Fashion Police

Copyrighting couture.

If you watch the fashion pages, you already know that last year’s must-have item was designer Roland Mouret’s “Galaxy” dress, the curve-accentuating retro number in which Scarlett Johansson strode down the red carpet at the 2005 Oscars. Thanks to a thriving knock-off industry, today you can stroll into the U.K.’s TopShop or browse eBay for bargain copies so close that even Edith Head would have trouble telling the difference.

The Council of Fashion Designers of America is hoping a new proposal to extend copyright protection to clothing designs will compel the most blatant borrowers to, well, knock it off.

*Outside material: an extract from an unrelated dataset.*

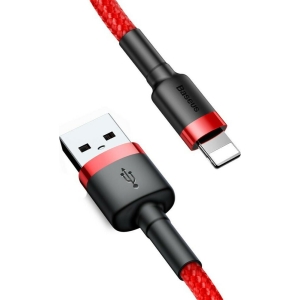 BASEUS CAFULE ΚΑΛΩΔΙΟ ΦΟΡΤΙΣΗΣ, USB ΣΕ LIGHTNING, 2M, 1.5A, ΚΟΚΚΙΝΟ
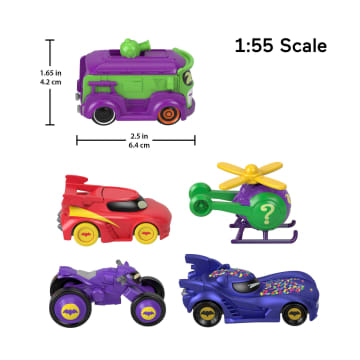 Fisher-Price DC Batwheels 1:55 Scale Vehicle Multipack, Batcast Metal Diecast Cars, 5 Pieces - Image 6 of 6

Traditionally, fashion has been exempt from American copyright laws, on the grounds that clothing is primarily a functional rather than creative good. The Design Piracy Prohibition Act, introduced by Rep. Bob Goodlatte (R-Va.) would change that, creating a limited three-year term of protection for original clothing designs. Instead of working under the traditional copyright framework, where terms are far longer, the bill would amend a statute granting similar short-term protection to boat hull designs.

Southern Methodist University law professor Susan Scafidi regards the proposal as a “creative and self restrained effort to correct a cultural imbalance”: the exclusion of fashion from America’s intellectual property rubric—an exclusion, Scafidi argues, that’s partly rooted in the fact that fashion has historically been “gendered female, considered a craft and not an art.” Meanwhile, the fact that the fashion industry has remained so vibrant for so long has led many to wonder whether the law governing books and movies should look more like the law governing fashion, rather than the other way around.

There’s also the possibility that fashion simply follows different rules. In this area, law professors Kal Raustiala of UCLA and Christopher Sprigman of the University of Virginia argue in a recent paper, copying may actually spur innovation, as imitations of each season’s hot design creates “induced obsolescence,” pushing consumers to demand new and different looks with which to distinguish themselves.